Starting with the line below that holds "Dutch soldiers prepare" and stopping after the line that holds "kitchen with sink, light", transcribe the lines exactly, leaving out all pictures.

THE INPUT ▸
────────

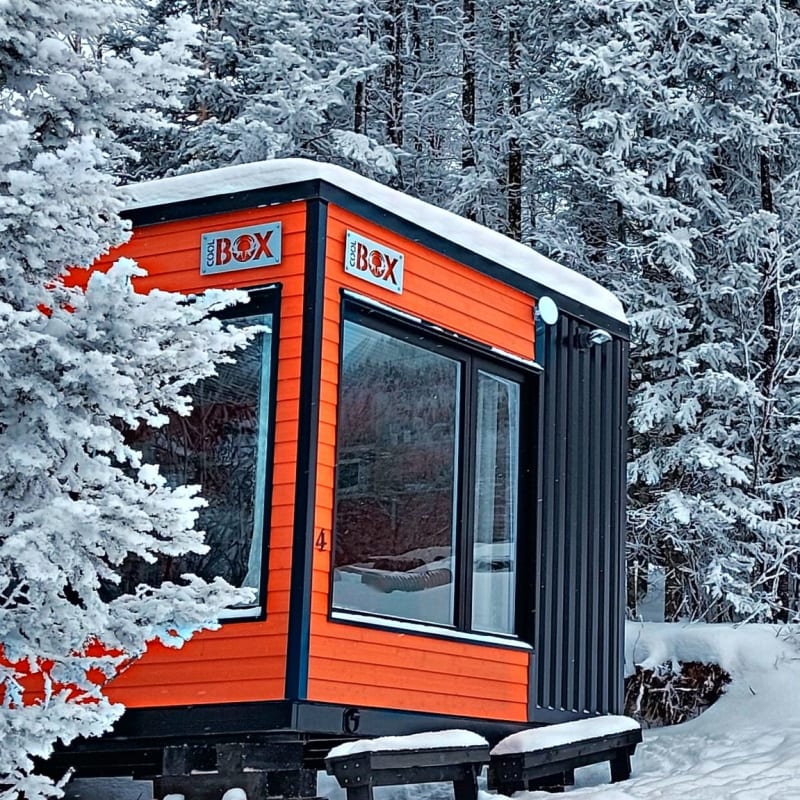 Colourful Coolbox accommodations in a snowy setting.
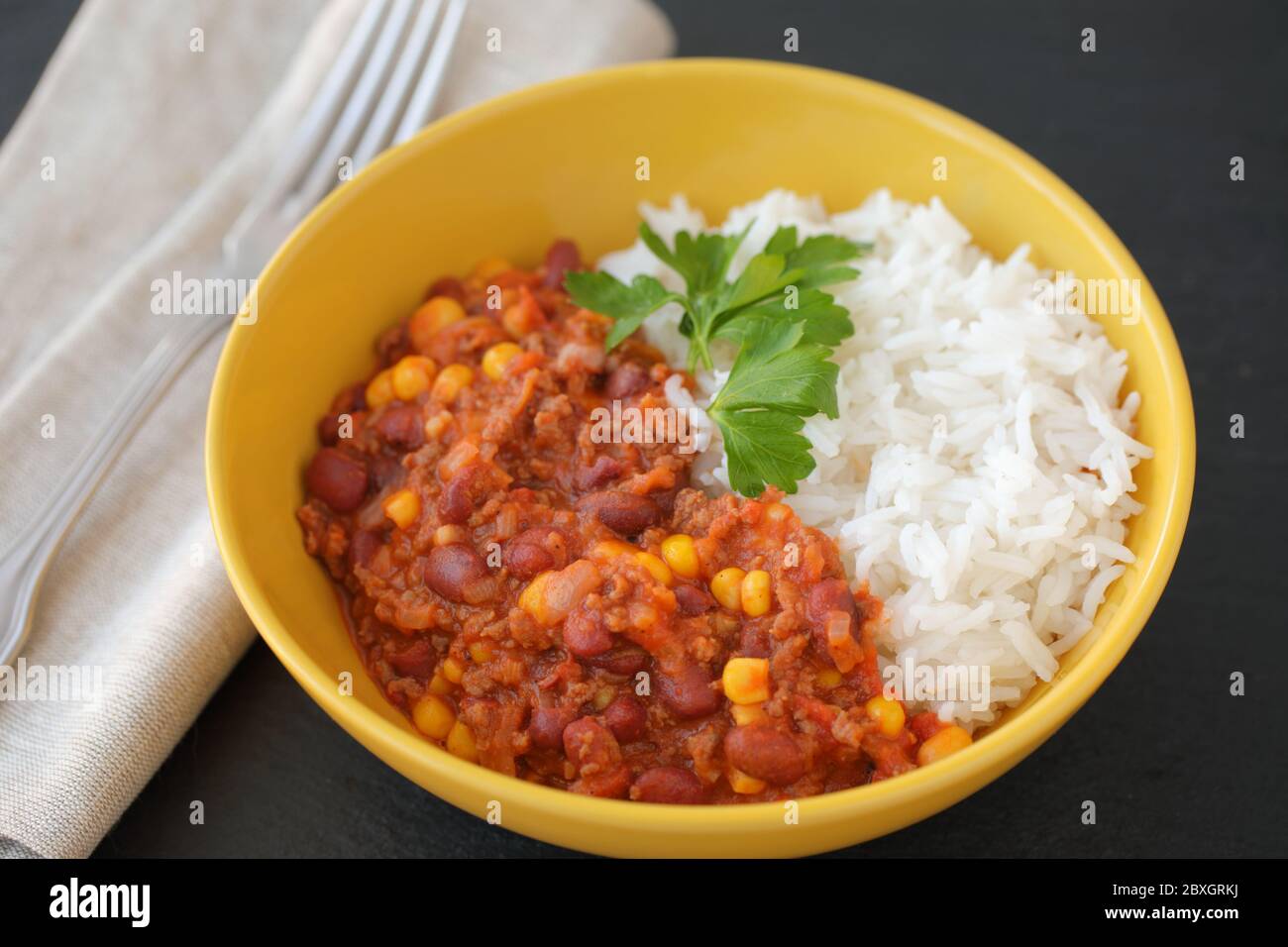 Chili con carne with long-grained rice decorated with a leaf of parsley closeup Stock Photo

────────

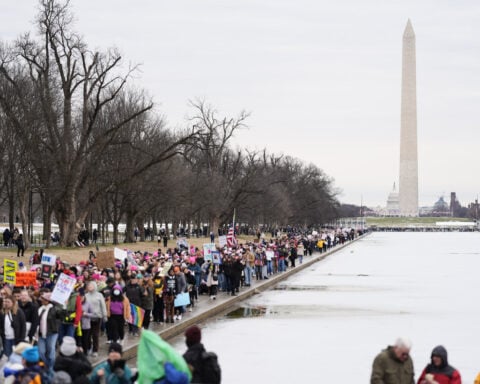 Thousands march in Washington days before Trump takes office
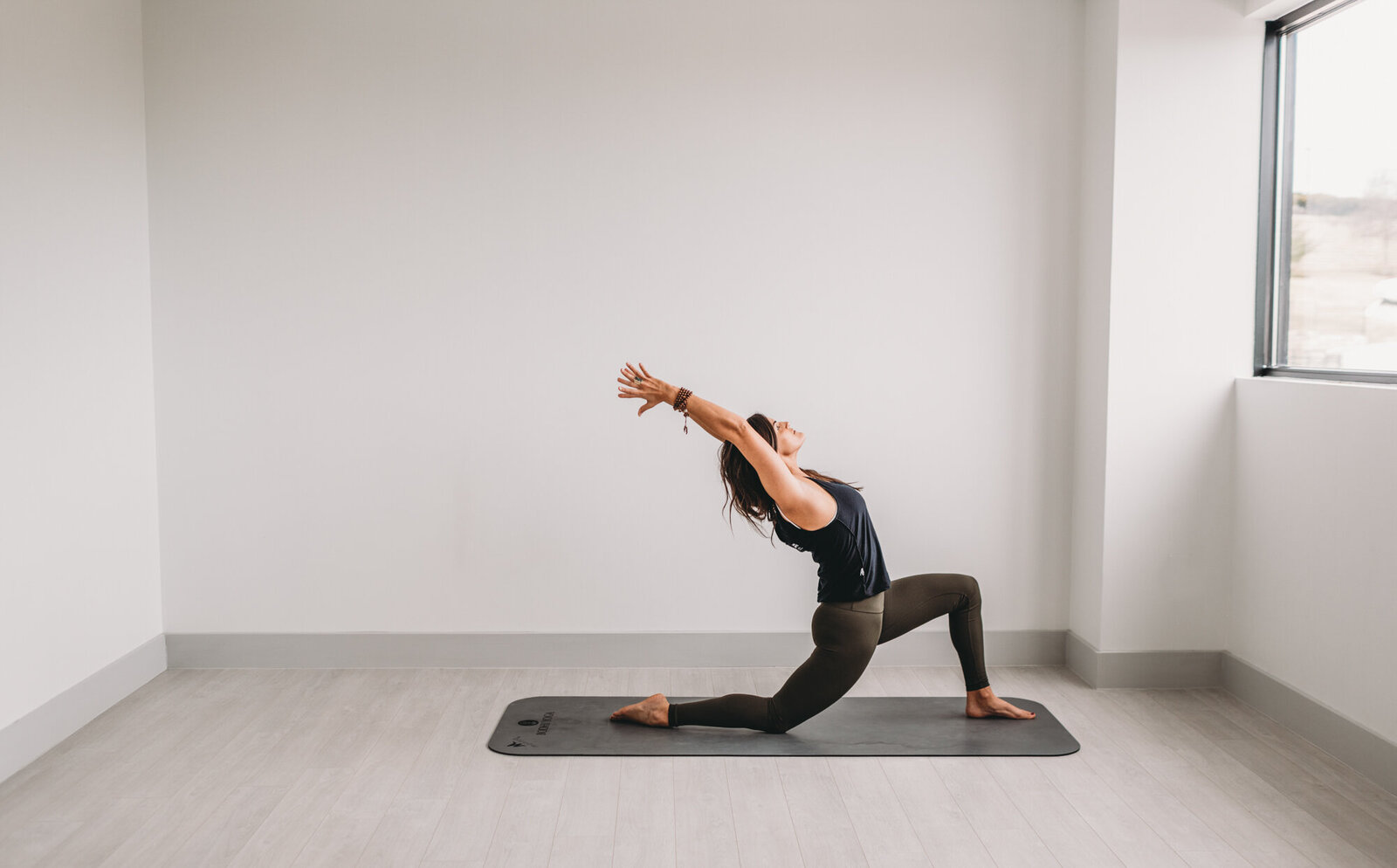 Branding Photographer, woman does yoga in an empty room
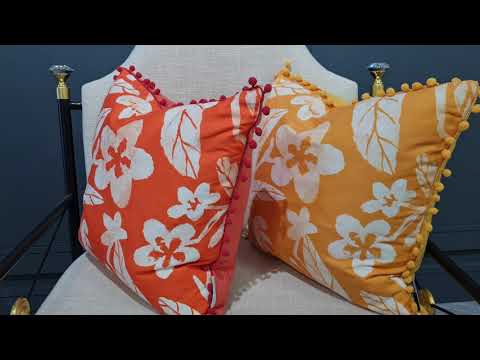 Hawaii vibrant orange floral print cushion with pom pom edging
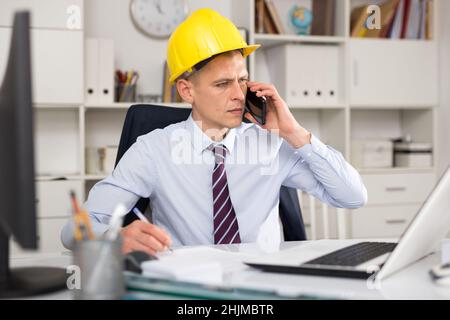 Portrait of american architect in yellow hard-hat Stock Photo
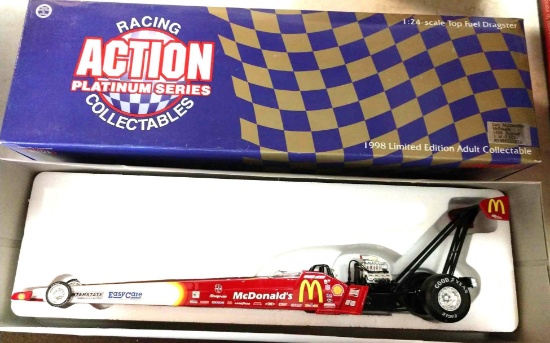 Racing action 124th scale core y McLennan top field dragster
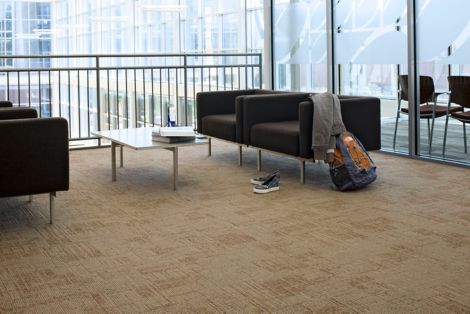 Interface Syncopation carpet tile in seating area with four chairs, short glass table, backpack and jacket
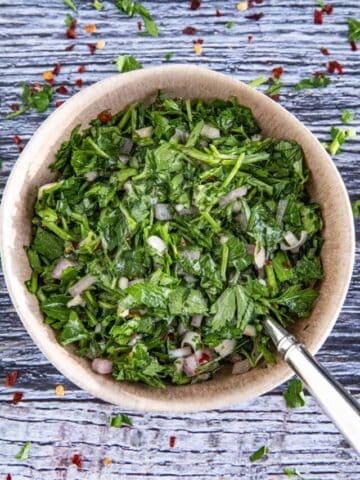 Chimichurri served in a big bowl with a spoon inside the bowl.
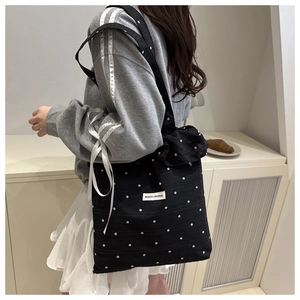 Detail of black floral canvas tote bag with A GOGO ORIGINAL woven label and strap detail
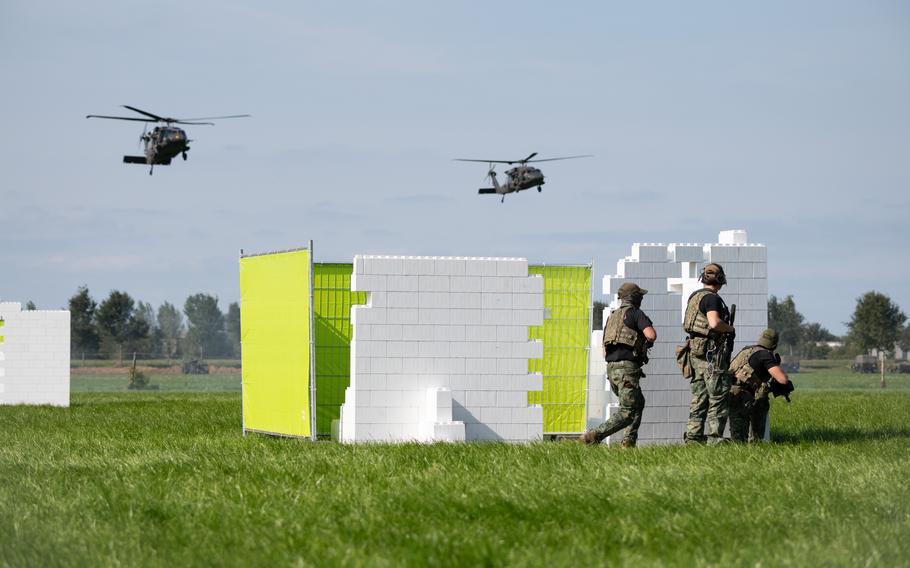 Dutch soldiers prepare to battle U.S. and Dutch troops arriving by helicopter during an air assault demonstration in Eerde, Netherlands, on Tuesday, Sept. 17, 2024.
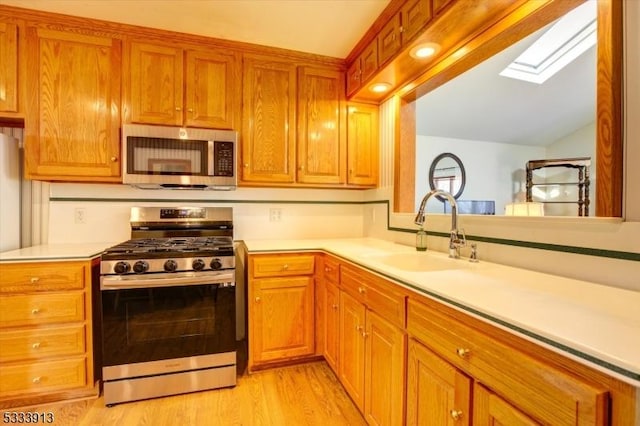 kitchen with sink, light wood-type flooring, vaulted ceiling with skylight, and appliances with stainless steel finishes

────────

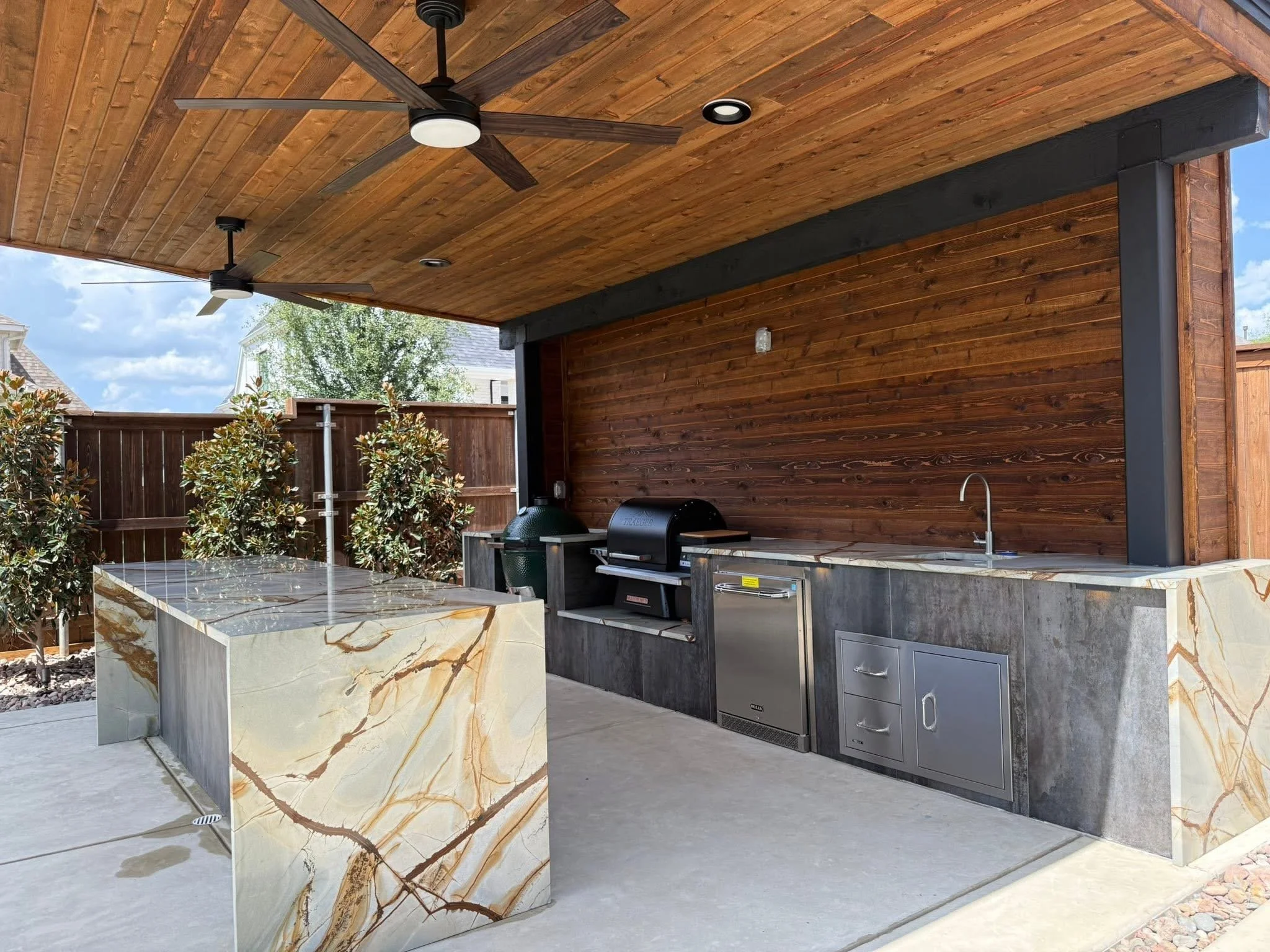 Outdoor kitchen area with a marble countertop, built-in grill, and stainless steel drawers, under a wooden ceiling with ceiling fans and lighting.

────────

TASK RESULT ▸
 Dutch soldiers prepare to battle U.S. and Dutch troops arriving by helicopter during an air assault demonstration in Eerde, Netherlands, on Tuesday, Sept. 17, 2024.
 kitchen with sink, light wood-type flooring, vaulted ceiling with skylight, and appliances with stainless steel finishes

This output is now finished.